(ABOUT THIS EXERCISE)
Give the following records again in full and without alteration.

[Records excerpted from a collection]
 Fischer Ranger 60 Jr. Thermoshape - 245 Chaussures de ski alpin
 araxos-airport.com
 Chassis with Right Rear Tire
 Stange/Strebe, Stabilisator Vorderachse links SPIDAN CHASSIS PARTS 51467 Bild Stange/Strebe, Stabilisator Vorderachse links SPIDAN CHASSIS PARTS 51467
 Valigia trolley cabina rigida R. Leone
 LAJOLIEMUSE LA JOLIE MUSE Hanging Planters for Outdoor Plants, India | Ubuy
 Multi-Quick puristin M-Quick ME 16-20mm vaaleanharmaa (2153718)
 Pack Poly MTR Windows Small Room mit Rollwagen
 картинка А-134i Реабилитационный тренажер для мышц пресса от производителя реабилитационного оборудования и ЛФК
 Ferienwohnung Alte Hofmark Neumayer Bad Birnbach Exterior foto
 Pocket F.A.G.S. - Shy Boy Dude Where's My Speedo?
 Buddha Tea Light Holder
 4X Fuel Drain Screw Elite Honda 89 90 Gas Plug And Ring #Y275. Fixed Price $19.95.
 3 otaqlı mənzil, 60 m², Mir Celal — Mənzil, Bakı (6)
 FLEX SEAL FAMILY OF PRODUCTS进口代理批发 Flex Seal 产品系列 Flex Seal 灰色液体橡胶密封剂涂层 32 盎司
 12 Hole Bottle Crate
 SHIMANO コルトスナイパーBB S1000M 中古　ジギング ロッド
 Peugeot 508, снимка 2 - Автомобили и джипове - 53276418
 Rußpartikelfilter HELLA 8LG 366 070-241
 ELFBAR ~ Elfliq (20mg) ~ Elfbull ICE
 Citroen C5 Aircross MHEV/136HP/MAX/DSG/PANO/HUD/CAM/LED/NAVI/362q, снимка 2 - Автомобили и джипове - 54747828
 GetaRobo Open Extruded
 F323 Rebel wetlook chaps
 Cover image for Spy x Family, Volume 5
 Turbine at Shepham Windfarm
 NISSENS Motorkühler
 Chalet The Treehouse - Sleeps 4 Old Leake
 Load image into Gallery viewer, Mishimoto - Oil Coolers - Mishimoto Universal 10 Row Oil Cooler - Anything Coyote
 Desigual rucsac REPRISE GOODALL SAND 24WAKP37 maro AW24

(FINISHED TASK)
 Fischer Ranger 60 Jr. Thermoshape - 245 Chaussures de ski alpin
 araxos-airport.com
 Chassis with Right Rear Tire
 Stange/Strebe, Stabilisator Vorderachse links SPIDAN CHASSIS PARTS 51467 Bild Stange/Strebe, Stabilisator Vorderachse links SPIDAN CHASSIS PARTS 51467
 Valigia trolley cabina rigida R. Leone
 LAJOLIEMUSE LA JOLIE MUSE Hanging Planters for Outdoor Plants, India | Ubuy
 Multi-Quick puristin M-Quick ME 16-20mm vaaleanharmaa (2153718)
 Pack Poly MTR Windows Small Room mit Rollwagen
 картинка А-134i Реабилитационный тренажер для мышц пресса от производителя реабилитационного оборудования и ЛФК
 Ferienwohnung Alte Hofmark Neumayer Bad Birnbach Exterior foto
 Pocket F.A.G.S. - Shy Boy Dude Where's My Speedo?
 Buddha Tea Light Holder
 4X Fuel Drain Screw Elite Honda 89 90 Gas Plug And Ring #Y275. Fixed Price $19.95.
 3 otaqlı mənzil, 60 m², Mir Celal — Mənzil, Bakı (6)
 FLEX SEAL FAMILY OF PRODUCTS进口代理批发 Flex Seal 产品系列 Flex Seal 灰色液体橡胶密封剂涂层 32 盎司
 12 Hole Bottle Crate
 SHIMANO コルトスナイパーBB S1000M 中古　ジギング ロッド
 Peugeot 508, снимка 2 - Автомобили и джипове - 53276418
 Rußpartikelfilter HELLA 8LG 366 070-241
 ELFBAR ~ Elfliq (20mg) ~ Elfbull ICE
 Citroen C5 Aircross MHEV/136HP/MAX/DSG/PANO/HUD/CAM/LED/NAVI/362q, снимка 2 - Автомобили и джипове - 54747828
 GetaRobo Open Extruded
 F323 Rebel wetlook chaps
 Cover image for Spy x Family, Volume 5
 Turbine at Shepham Windfarm
 NISSENS Motorkühler
 Chalet The Treehouse - Sleeps 4 Old Leake
 Load image into Gallery viewer, Mishimoto - Oil Coolers - Mishimoto Universal 10 Row Oil Cooler - Anything Coyote
 Desigual rucsac REPRISE GOODALL SAND 24WAKP37 maro AW24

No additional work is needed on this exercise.